My dating history has been filled with primarily African American men, who were around or near may same age bracket but definitely not exceeding more than 5 to 8 years on either side of the spectrum. Most not all have been educated, decent looking, God-fearing men. And I can think of the same qualities exuding from the men the women in my same predicament have dated. So why are we single?
Within my contemplation I have come to realize that in many respects black women are for grown-ups. I say this because although the men I’ve encountered have seemingly had it all together (job, career, education, spiritual) there is an avenue in which they still haven’t grown up. A grown-up in general is one who is self-sufficient, self-reliant, and takes care of their business. What I have found is that not many men fit into this category and those that can are usually taken.
“Black women are for grown ups”, are the words that keep echoing in my thoughts as I sit and discuss love and relationships with a plethora of black women spanning a variety of age groups and backgrounds. It seems that commonly at some point in our lives we have all encountered some of the same things no matter the age or stage. These things include but or not limited to infidelity, lack of communication, and inconsistency on several levels including jobs/carers etc.( As a minority certain societal influences are expected, understood, and dealt with accordingly within the confines of our households and the community at large. ) But I am saying that adulthood should not be stifled due to circumstances beyond any of our control. The “baby-boy” construct is however not a new concept.

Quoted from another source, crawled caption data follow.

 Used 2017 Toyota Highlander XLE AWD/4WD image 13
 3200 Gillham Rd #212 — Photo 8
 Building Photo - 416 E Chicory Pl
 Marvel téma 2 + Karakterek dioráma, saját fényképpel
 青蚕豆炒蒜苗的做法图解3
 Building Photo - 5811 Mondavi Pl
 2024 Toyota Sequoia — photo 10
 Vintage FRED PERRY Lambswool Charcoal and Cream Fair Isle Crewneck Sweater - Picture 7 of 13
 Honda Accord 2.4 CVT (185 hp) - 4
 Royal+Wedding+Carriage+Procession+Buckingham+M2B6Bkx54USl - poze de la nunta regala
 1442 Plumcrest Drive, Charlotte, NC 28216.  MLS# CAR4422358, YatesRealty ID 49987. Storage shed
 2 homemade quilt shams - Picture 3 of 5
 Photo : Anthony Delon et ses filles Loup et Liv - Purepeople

The idea stems from the lack of patriarchal influences within the childhood home and the over compensation on the behalf of the woman/matriarchal influence in a male child’s life. Therefore, stifling or postponing onset “adulthood”, because of dependency. I like many of my female counterparts have encountered far too often men (black) that fit into this category. So again I say “black women are for grown-ups”.
How, have the men you’ve dated fit into the “baby-boy” construct? I’m sure this is what you’re asking yourself about now, so I’ll explain. Although, many of the men I’ve encountered have seemed to have themselves together upon further/deeper exploration they didn’t. There have been several underlying issues such as an unwillingness to “leave and cleave”. Sometimes these men are still living at home, living with a relative, or have left but they themselves or the mother are still reliant on each other or those that have left have gone from house to house (from one woman to the next) I call this one the “homeboy”. A second instance is the “hustle man”. Although at first glance the “hustle man” is intriguing, he works hard and is ambitious. Usually this type is filled with dreams, that he needs help to accomplish. Many women have been dazzled by him! But the reality is he has so many dreams that he nor you can focus in on just one. So you both become overwhelmed. He often says things like “all I need is for someone to believe in me”, often without realizing that all he needs is to believe in himself and focus on building “it” (whatever it is). These are usually the ones women see “potential” in and fall in love with the dream, until she realizes that she has become another crutch holding her “baby-boy” up. ….There are several types of “baby boys”, but for the sake of time I’ll stop there. (More detailed accounts and descriptions can be found in my upcoming book “One Day I Woke Up”)
In summation I’ll let you decide, “Are Black Women for Grown-Ups?”